# Assignment
Write out all the data again, exactly as shown.

# Given entries
# # # # # # #
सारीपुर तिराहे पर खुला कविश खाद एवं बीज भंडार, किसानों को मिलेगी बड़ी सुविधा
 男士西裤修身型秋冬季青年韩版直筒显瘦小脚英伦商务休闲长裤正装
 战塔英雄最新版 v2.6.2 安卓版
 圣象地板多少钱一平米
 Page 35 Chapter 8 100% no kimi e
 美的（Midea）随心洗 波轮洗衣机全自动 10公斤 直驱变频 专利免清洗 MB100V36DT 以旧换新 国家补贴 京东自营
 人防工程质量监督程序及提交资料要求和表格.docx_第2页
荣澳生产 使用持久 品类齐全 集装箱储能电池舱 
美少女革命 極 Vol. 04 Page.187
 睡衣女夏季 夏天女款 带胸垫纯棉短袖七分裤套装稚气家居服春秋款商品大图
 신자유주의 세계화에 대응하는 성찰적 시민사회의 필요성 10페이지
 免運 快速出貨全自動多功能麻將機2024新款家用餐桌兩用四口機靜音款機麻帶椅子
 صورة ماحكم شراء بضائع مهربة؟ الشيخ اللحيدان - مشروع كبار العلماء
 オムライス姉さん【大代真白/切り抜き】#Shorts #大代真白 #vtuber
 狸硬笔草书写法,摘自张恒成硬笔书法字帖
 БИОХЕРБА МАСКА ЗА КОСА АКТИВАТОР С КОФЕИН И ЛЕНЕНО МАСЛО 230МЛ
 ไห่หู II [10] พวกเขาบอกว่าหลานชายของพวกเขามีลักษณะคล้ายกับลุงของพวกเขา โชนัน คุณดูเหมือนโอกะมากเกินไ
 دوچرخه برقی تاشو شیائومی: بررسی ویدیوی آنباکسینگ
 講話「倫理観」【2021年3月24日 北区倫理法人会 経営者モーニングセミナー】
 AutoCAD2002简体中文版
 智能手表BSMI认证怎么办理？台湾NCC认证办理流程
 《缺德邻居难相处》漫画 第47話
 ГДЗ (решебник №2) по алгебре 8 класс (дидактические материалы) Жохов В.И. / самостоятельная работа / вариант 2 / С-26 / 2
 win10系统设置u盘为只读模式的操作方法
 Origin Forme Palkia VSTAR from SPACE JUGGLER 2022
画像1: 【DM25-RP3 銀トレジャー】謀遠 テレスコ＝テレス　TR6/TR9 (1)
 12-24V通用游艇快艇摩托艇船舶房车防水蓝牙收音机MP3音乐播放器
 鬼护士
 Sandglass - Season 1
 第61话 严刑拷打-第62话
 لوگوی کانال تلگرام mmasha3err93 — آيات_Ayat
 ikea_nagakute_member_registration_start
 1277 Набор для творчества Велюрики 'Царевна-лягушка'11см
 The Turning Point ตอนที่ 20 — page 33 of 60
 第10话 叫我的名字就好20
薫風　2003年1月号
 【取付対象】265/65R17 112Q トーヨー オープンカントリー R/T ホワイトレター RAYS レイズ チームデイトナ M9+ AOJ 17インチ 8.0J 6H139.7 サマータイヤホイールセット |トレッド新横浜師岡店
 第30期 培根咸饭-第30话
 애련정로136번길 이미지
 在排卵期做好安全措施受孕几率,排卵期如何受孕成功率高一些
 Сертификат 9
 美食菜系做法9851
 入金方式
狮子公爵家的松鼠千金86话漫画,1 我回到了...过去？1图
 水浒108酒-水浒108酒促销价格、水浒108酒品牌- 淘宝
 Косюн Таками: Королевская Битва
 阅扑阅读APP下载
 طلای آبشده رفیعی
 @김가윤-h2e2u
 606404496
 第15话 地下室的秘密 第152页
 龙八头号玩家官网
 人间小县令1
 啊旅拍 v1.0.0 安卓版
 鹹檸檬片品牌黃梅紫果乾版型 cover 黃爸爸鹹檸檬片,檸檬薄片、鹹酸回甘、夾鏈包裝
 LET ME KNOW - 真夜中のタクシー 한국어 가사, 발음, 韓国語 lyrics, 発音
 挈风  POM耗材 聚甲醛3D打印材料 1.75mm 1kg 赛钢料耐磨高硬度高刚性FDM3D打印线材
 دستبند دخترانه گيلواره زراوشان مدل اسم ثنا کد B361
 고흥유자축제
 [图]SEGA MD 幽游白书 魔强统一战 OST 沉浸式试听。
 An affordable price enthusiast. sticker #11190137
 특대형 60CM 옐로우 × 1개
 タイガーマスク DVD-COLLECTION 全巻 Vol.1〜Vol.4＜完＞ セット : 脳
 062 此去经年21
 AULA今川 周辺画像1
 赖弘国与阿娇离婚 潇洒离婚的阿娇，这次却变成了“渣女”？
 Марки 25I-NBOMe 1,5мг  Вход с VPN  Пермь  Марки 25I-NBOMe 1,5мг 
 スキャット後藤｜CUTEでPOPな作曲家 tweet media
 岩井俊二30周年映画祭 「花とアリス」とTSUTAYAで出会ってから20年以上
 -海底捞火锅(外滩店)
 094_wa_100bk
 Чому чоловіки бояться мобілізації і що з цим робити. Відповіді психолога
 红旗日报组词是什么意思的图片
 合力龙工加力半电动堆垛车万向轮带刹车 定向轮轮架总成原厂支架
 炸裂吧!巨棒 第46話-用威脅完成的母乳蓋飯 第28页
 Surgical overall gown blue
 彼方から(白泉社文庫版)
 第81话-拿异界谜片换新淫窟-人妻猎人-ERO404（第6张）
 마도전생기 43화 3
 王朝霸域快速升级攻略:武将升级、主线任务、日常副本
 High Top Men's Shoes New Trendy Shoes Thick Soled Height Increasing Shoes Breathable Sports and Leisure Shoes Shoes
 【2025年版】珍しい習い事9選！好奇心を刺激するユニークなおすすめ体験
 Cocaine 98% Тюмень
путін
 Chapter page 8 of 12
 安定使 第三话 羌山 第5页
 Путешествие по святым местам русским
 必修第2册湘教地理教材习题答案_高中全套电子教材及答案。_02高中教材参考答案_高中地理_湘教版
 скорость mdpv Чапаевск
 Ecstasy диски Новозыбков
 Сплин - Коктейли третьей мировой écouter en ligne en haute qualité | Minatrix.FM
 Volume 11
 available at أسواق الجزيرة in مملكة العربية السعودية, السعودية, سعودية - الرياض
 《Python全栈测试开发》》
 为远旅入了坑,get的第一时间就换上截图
# # # # # # #
# Task result
सारीपुर तिराहे पर खुला कविश खाद एवं बीज भंडार, किसानों को मिलेगी बड़ी सुविधा
 男士西裤修身型秋冬季青年韩版直筒显瘦小脚英伦商务休闲长裤正装
 战塔英雄最新版 v2.6.2 安卓版
 圣象地板多少钱一平米
 Page 35 Chapter 8 100% no kimi e
 美的（Midea）随心洗 波轮洗衣机全自动 10公斤 直驱变频 专利免清洗 MB100V36DT 以旧换新 国家补贴 京东自营
 人防工程质量监督程序及提交资料要求和表格.docx_第2页
荣澳生产 使用持久 品类齐全 集装箱储能电池舱 
美少女革命 極 Vol. 04 Page.187
 睡衣女夏季 夏天女款 带胸垫纯棉短袖七分裤套装稚气家居服春秋款商品大图
 신자유주의 세계화에 대응하는 성찰적 시민사회의 필요성 10페이지
 免運 快速出貨全自動多功能麻將機2024新款家用餐桌兩用四口機靜音款機麻帶椅子
 صورة ماحكم شراء بضائع مهربة؟ الشيخ اللحيدان - مشروع كبار العلماء
 オムライス姉さん【大代真白/切り抜き】#Shorts #大代真白 #vtuber
 狸硬笔草书写法,摘自张恒成硬笔书法字帖
 БИОХЕРБА МАСКА ЗА КОСА АКТИВАТОР С КОФЕИН И ЛЕНЕНО МАСЛО 230МЛ
 ไห่หู II [10] พวกเขาบอกว่าหลานชายของพวกเขามีลักษณะคล้ายกับลุงของพวกเขา โชนัน คุณดูเหมือนโอกะมากเกินไ
 دوچرخه برقی تاشو شیائومی: بررسی ویدیوی آنباکسینگ
 講話「倫理観」【2021年3月24日 北区倫理法人会 経営者モーニングセミナー】
 AutoCAD2002简体中文版
 智能手表BSMI认证怎么办理？台湾NCC认证办理流程
 《缺德邻居难相处》漫画 第47話
 ГДЗ (решебник №2) по алгебре 8 класс (дидактические материалы) Жохов В.И. / самостоятельная работа / вариант 2 / С-26 / 2
 win10系统设置u盘为只读模式的操作方法
 Origin Forme Palkia VSTAR from SPACE JUGGLER 2022
画像1: 【DM25-RP3 銀トレジャー】謀遠 テレスコ＝テレス　TR6/TR9 (1)
 12-24V通用游艇快艇摩托艇船舶房车防水蓝牙收音机MP3音乐播放器
 鬼护士
 Sandglass - Season 1
 第61话 严刑拷打-第62话
 لوگوی کانال تلگرام mmasha3err93 — آيات_Ayat
 ikea_nagakute_member_registration_start
 1277 Набор для творчества Велюрики 'Царевна-лягушка'11см
 The Turning Point ตอนที่ 20 — page 33 of 60
 第10话 叫我的名字就好20
薫風　2003年1月号
 【取付対象】265/65R17 112Q トーヨー オープンカントリー R/T ホワイトレター RAYS レイズ チームデイトナ M9+ AOJ 17インチ 8.0J 6H139.7 サマータイヤホイールセット |トレッド新横浜師岡店
 第30期 培根咸饭-第30话
 애련정로136번길 이미지
 在排卵期做好安全措施受孕几率,排卵期如何受孕成功率高一些
 Сертификат 9
 美食菜系做法9851
 入金方式
狮子公爵家的松鼠千金86话漫画,1 我回到了...过去？1图
 水浒108酒-水浒108酒促销价格、水浒108酒品牌- 淘宝
 Косюн Таками: Королевская Битва
 阅扑阅读APP下载
 طلای آبشده رفیعی
 @김가윤-h2e2u
 606404496
 第15话 地下室的秘密 第152页
 龙八头号玩家官网
 人间小县令1
 啊旅拍 v1.0.0 安卓版
 鹹檸檬片品牌黃梅紫果乾版型 cover 黃爸爸鹹檸檬片,檸檬薄片、鹹酸回甘、夾鏈包裝
 LET ME KNOW - 真夜中のタクシー 한국어 가사, 발음, 韓国語 lyrics, 発音
 挈风  POM耗材 聚甲醛3D打印材料 1.75mm 1kg 赛钢料耐磨高硬度高刚性FDM3D打印线材
 دستبند دخترانه گيلواره زراوشان مدل اسم ثنا کد B361
 고흥유자축제
 [图]SEGA MD 幽游白书 魔强统一战 OST 沉浸式试听。
 An affordable price enthusiast. sticker #11190137
 특대형 60CM 옐로우 × 1개
 タイガーマスク DVD-COLLECTION 全巻 Vol.1〜Vol.4＜完＞ セット : 脳
 062 此去经年21
 AULA今川 周辺画像1
 赖弘国与阿娇离婚 潇洒离婚的阿娇，这次却变成了“渣女”？
 Марки 25I-NBOMe 1,5мг  Вход с VPN  Пермь  Марки 25I-NBOMe 1,5мг 
 スキャット後藤｜CUTEでPOPな作曲家 tweet media
 岩井俊二30周年映画祭 「花とアリス」とTSUTAYAで出会ってから20年以上
 -海底捞火锅(外滩店)
 094_wa_100bk
 Чому чоловіки бояться мобілізації і що з цим робити. Відповіді психолога
 红旗日报组词是什么意思的图片
 合力龙工加力半电动堆垛车万向轮带刹车 定向轮轮架总成原厂支架
 炸裂吧!巨棒 第46話-用威脅完成的母乳蓋飯 第28页
 Surgical overall gown blue
 彼方から(白泉社文庫版)
 第81话-拿异界谜片换新淫窟-人妻猎人-ERO404（第6张）
 마도전생기 43화 3
 王朝霸域快速升级攻略:武将升级、主线任务、日常副本
 High Top Men's Shoes New Trendy Shoes Thick Soled Height Increasing Shoes Breathable Sports and Leisure Shoes Shoes
 【2025年版】珍しい習い事9選！好奇心を刺激するユニークなおすすめ体験
 Cocaine 98% Тюмень
путін
 Chapter page 8 of 12
 安定使 第三话 羌山 第5页
 Путешествие по святым местам русским
 必修第2册湘教地理教材习题答案_高中全套电子教材及答案。_02高中教材参考答案_高中地理_湘教版
 скорость mdpv Чапаевск
 Ecstasy диски Новозыбков
 Сплин - Коктейли третьей мировой écouter en ligne en haute qualité | Minatrix.FM
 Volume 11
 available at أسواق الجزيرة in مملكة العربية السعودية, السعودية, سعودية - الرياض
 《Python全栈测试开发》》
 为远旅入了坑,get的第一时间就换上截图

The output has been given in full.